> WHAT IS REQUIRED: In the entries below, begin at the line that has "있다. ⓒ이종현 기자" and stop after the line that has "کلبه ییلاقی, Palm Grove Farm"; output those lines exactly, leaving out pictures.

> RECORDS PROVIDED:
************

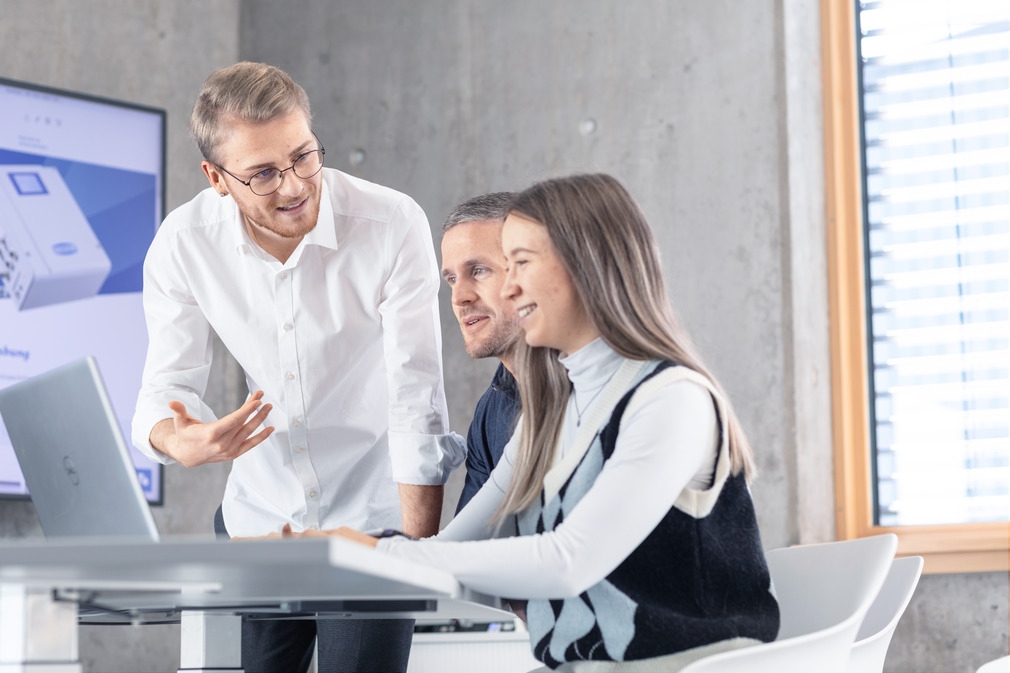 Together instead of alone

************

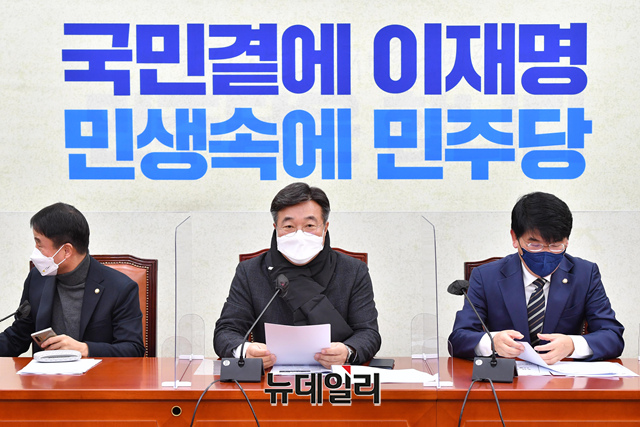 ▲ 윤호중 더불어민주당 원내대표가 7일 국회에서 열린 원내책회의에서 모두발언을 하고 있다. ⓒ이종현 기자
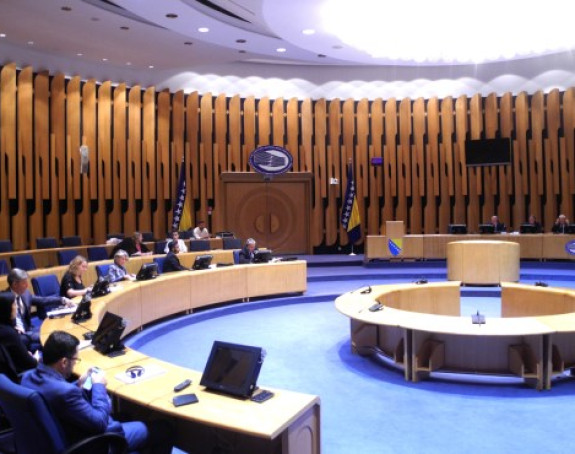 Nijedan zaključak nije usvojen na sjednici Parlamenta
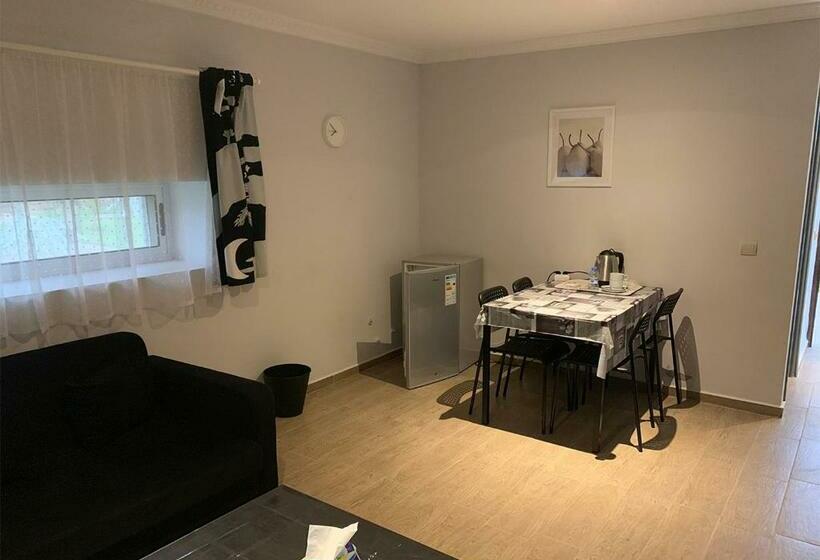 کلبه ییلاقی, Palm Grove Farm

************

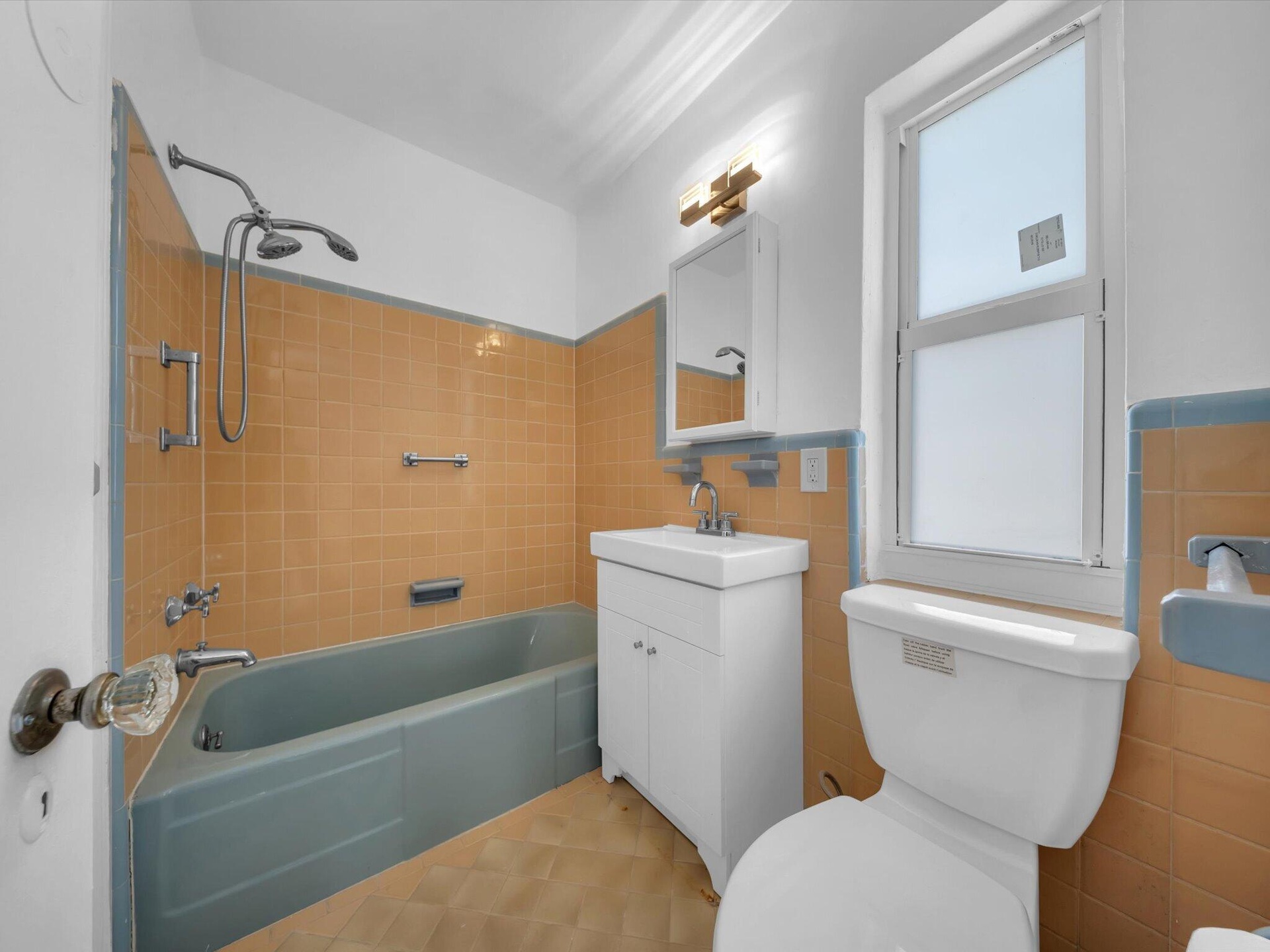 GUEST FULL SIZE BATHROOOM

************

> EXERCISE RESULT:
 ▲ 윤호중 더불어민주당 원내대표가 7일 국회에서 열린 원내책회의에서 모두발언을 하고 있다. ⓒ이종현 기자
 Nijedan zaključak nije usvojen na sjednici Parlamenta
 کلبه ییلاقی, Palm Grove Farm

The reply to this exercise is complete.